Назвать это средство я прямо не могу, скажу только, что оно состояло из совершенно необычайно горячих припарок с солью и через три недели рана зажила, лошадь выздоровела и я на ней ездил еще в течение двух лет, а продал ее в Константинополе только из-за трудности содержания.
Жизнь с отрядом внезапно порвалась.
В начале мая 1878 года меня вызвали в Сан-Стефано в штаб главнокомандующего, где высочайшим приказом 22 мая 1976 года я был назначен штаб-офицером над вожатыми с переводом в Генеральный штаб капитаном. Только в Сан-Стефано, впервые за время войны, мне удалось свидеться с родным полком.
Полк стоял биваком при деревне Нифес и, как и все прочие полки, переживал тяжелую эпидемию сыпного тифа. Число больных доходило до 1500–1800 человек на каждый полк. Болело и много офицеров. Эпидемия прекратилась лишь когда просохли все болота бывших рисовых полей и наступило жаркое лето.
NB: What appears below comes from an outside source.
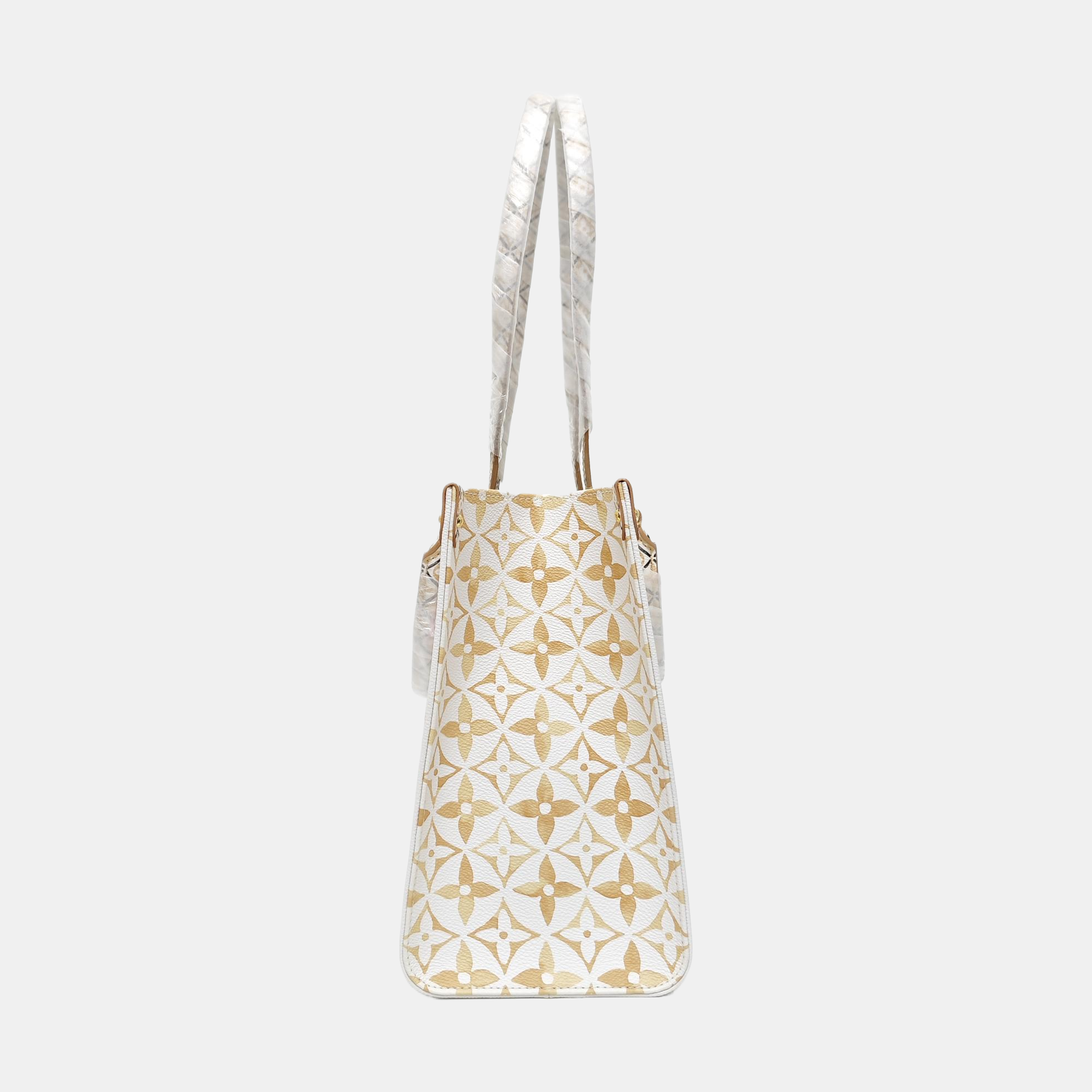 ONTHEGO MM Monogram Coated Canvas White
Итоги вспышки выразились в том, что в ближайшем к Константинополю районе и далее к югу до городов Родосто и Силиври, на берегу Мраморного моря, мы оставили 37 кладбищ. Несколько лет спустя, в девяностых годах, в Сан-Стефано была сооружена часовня, в фундамент которой были замурованы все кости погребенных на этих кладбищах.
Во второй половине января 1878 года наши главные силы двинулись двумя группами: одна, под личным предводительством главнокомандующего великого князя Николая Николаевича, – на Константинополь, другая, под командой генерал-адъютанта Гурко, – на Галлиполи.
Обе группы в начале февраля были остановлены: первая в 18 верстах от Константинополя, вторая в 30 верстах от Галлиполи.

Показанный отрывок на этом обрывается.